I'm not familiar with the system you're talking about...However,YOU CAN'T RUN TWO COMMAND STATIONS TOGETHER,whatever the brand,unless one can be converted to a booster.Two components sending conflicting infos to a same circuitry will create havoc in no time,and likely smoke along with it.


----------



## wvgca (Jan 21, 2013)

uh .. nope ...
the main unit has an integral circuitry to feed power [along with dcc data] to the track.. one powered unit will not feed power back to the unpowered unit either ..with both units powered there is no way to synchronize the actual dcc ,voltage waveform and the magic smoke gets out...quite likely both of them... the 44907 companion walk around is longer offered by bachmann, but you might be able to find one on ebay .. some other brands use seperate logic [handheld] and power units, when you hook them up [properly] they will synchronize the dcc waveform .betwen supplies [boosters]. at one time mrc command 2000 units could be hooked together with a mfgr supplied Y cable,this cable blocked power but fed control data, and another seperate supply [booster] was required, but those are obsolete as well...if you prefer bachmann you may want to look at the dynamis line..??


----------



## gandy dancer#1 (Jan 21, 2012)

*must you use the walkaround controller*

Hi Wgvca :: I am not the brightest tech, but that was my thinking that you could use a stock controller as an extra handheld/walkaround. you are only linking the secondary to the main controller via the I/O port and not hooking it to a power supply therefore it only transfers data to the main controller and is not hooked to the track other wise!! like a set of secondary toggle switches powered by a main bank of switches. apparently no one has tried this with the bachman controllers, I cant see paying high price for the walkaround box which is in short supply no longer made, and I see plenty of the standard boxes running loose . Thank you for your reply !!


----------



## wvgca (Jan 21, 2013)

gandy_dancer#1 .. it probably wont work, but go ahead and try if you wish ... the ez command was lenz re-design, and the I/O port was 'first version' Xbus, uses 4 of the 6 pins only ... and outputs 12v [to power the walk around controller], and rs485 data through a RJ12 connector . Xbus has been superceded by the XpressNet protocol, but is very similar.. the main question is while the command station does output power and data, I have no idea if it can INPUT power through the xbus port to make it operational... You may want to look for an Atlas, Roco or Lenz walkaround controller ..


----------



## RT_Coker (Dec 6, 2012)

wvgca said:


> gandy_dancer#1 .. it probably wont work, but go ahead and try if you wish ... the ez command was lenz re-design, and the I/O port was 'first version' Xbus, uses 4 of the 6 pins only ... and outputs 12v [to power the walk around controller], and rs485 data through a RJ12 connector . Xbus has been superceded by the XpressNet protocol, but is very similar.. the main question is while the command station does output power and data, I have no idea if it can INPUT power through the xbus port to make it operational... You may want to look for an Atlas, Roco or Lenz walkaround controller ..


Do you have any idea where the 12v & ground pin-outs might be on this RJ12? Sounds like a good accessory power source to me.
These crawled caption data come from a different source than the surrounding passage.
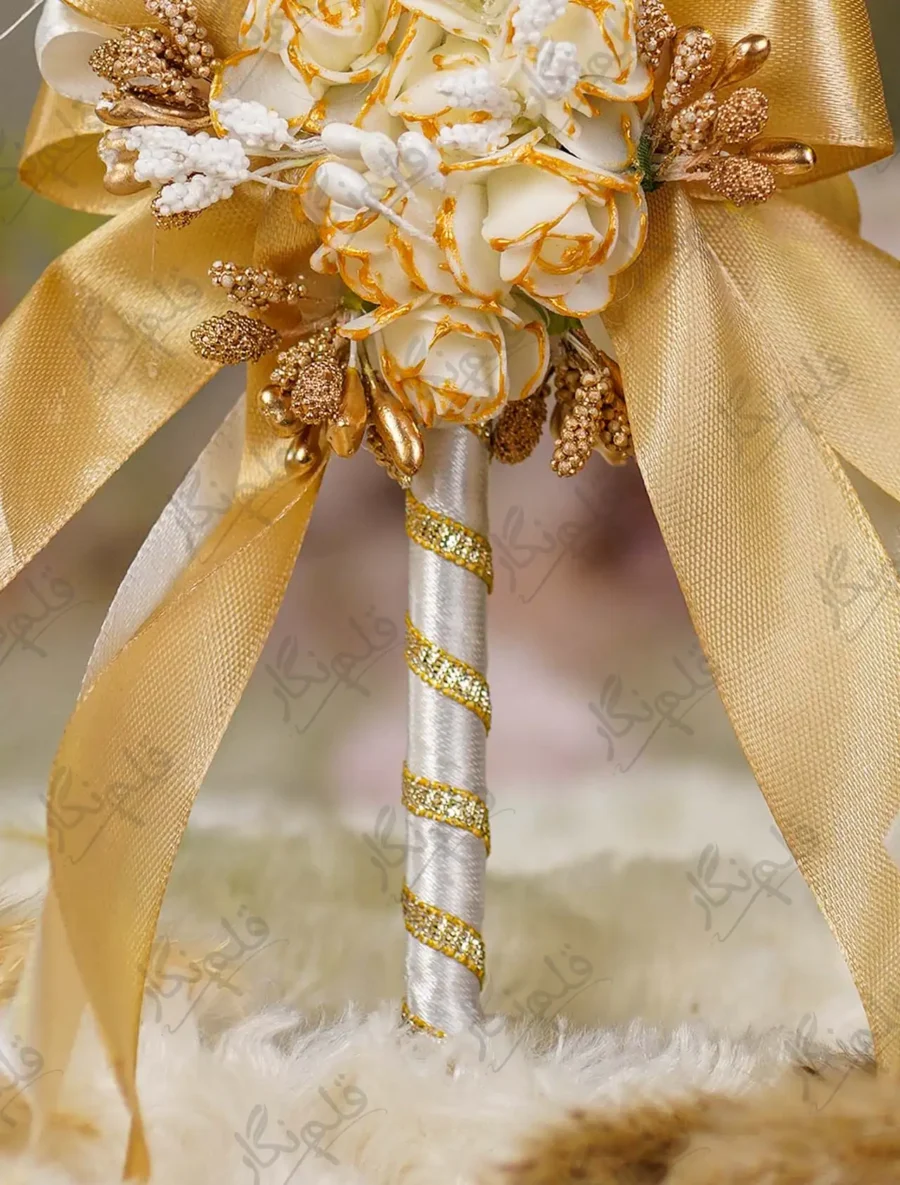 Detailed shot of the gold-brushed cream rose cluster and gold bow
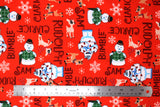 Flat swatch Rudolf the Red Nosed Reindeer licensed print fabric on red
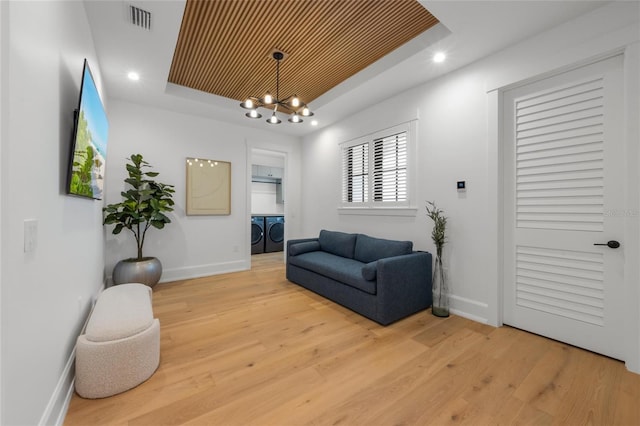 living area featuring a tray ceiling, washer and clothes dryer, an inviting chandelier, and light wood-type flooring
I have one that was dead on arrival, I may open it up for some investigation. Thanks in advance.
Bob


----------



## wvgca (Jan 21, 2013)

middle two pins are data, outside end pins aren't used ... so pins 2 and 5, not sure which is power or ground off hand... not sure how much accessory power [current] that it would put out .. only used for [1] power the handheld walk around, and [2] to enable power on of accessory booster ,, if it's a DOA, why not try??

edit: forgot that some versions of ez command used 8pin rj45, only center four pins used.


----------